How many of the integers that satisfy the inequality \[\dfrac{{\left( {x + 2} \right)\left( {x + 3} \right)}}{{x - 2}} \geqslant \;0\] are less than \[5\] ?
A. \[1\]
B. \[2\]
C. \[3\]
D. \[4\]
E. \[5\]

Answer 1

Hint:In the above given question, we are given an inequality written as \[\dfrac{{\left( {x + 2} \right)\left( {x + 3} \right)}}{{x - 2}} \geqslant \;0\] . We have to find how many integers which are less than \[5\] can satisfy the given inequality. In order to approach the solution, first we have to find the values of \[x\] for which the inequality gives us the value equal to zero. After that we can find the remaining values of \[x\] , which are less than \[5\] , for which the inequality is greater than zero.

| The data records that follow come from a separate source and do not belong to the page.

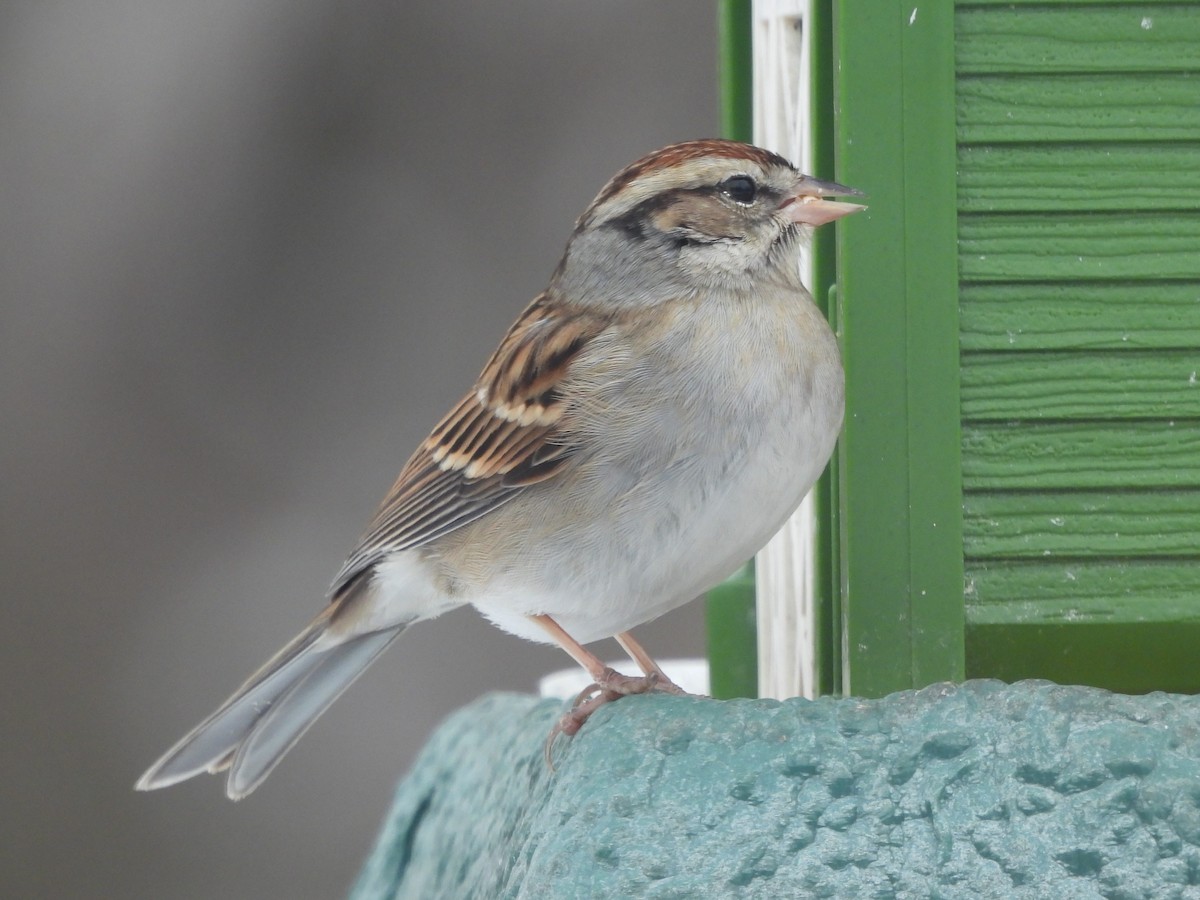 Chipping Sparrow - ML295824961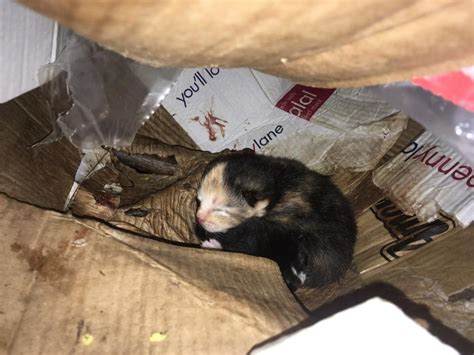 Newborn kitten found dead after being born in box its mother was dumped in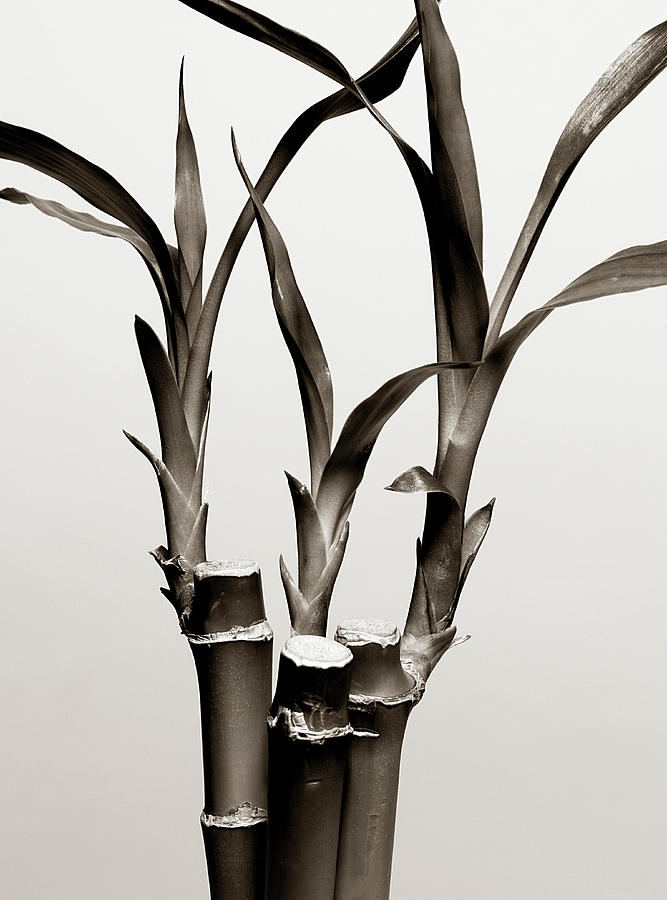 Bamboo Leaves Photograph by Alex Cao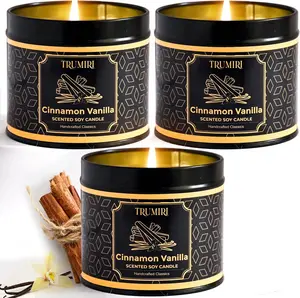 Vanilla Candle with Cinnamon Strong Scented Soy Candel Clean Non Toxic Velas Aromáticas for Women Gift for Fall Christmas Holidays Pack of 3 5Oz Decorative Tin Jars with Lids
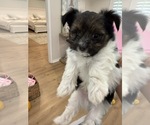 Small #2 Yorkshire Terrier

Complete step by step answer:
Given that, the inequality which is written as,
\[ \Rightarrow \dfrac{{\left( {x + 2} \right)\left( {x + 3} \right)}}{{x - 2}} \geqslant \;0\]
We have to find \[x \in \mathbb{Z}\] such that \[x < 5\] .
Now, let us consider the inequality when it is equal to zero.
Therefore, we have the equation
\[ \Rightarrow \dfrac{{\left( {x + 2} \right)\left( {x + 3} \right)}}{{x - 2}} = \;0\]
Multiplying both sides by \[\left( {x - 2} \right)\] , we get
\[ \Rightarrow \left( {x + 2} \right)\left( {x + 3} \right) = \;0\]
This is only possible when \[x = - 2\] or \[x = - 3\] .

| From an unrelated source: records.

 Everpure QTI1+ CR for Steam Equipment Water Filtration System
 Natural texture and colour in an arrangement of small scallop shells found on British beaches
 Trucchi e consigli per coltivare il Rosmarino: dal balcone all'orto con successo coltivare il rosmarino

Now, let us consider the inequality only considering it greater than zero.That gives us the inequality as,
\[ \Rightarrow \dfrac{{\left( {x + 2} \right)\left( {x + 3} \right)}}{{x - 2}} > 0\]
The inequality is greater than zero only if both the numerator and denominator are either positive or negative.Now, the numerator is only positive when \[x > - 1\]. And the denominator is only positive when \[x > 2\]. But it is given that \[x < 5\].
Hence, we have \[ - 1 < 2 < x < 5\]
This gives the possible values for \[x \in \mathbb{Z}\] as \[x = 3\] and \[x = 4\] .
Therefore, we have the values of \[x \in \mathbb{Z}\] for \[x < 5\] as \[x = - 2, - 3,3,4\] .
Hence, there are four integers less than \[5\] which satisfy the given inequality.

So the correct option is D.

Note:The given inequality \[\dfrac{{\left( {x + 2} \right)\left( {x + 3} \right)}}{{x - 2}} \geqslant \;0\] is not defined when we take the value of \[x\] as \[x = 2\]. This is because, if we take the value \[x = 2\] , then the denominator becomes zero and the numerator is non zero. And we know that if a non zero number is divided by zero then it becomes undefined.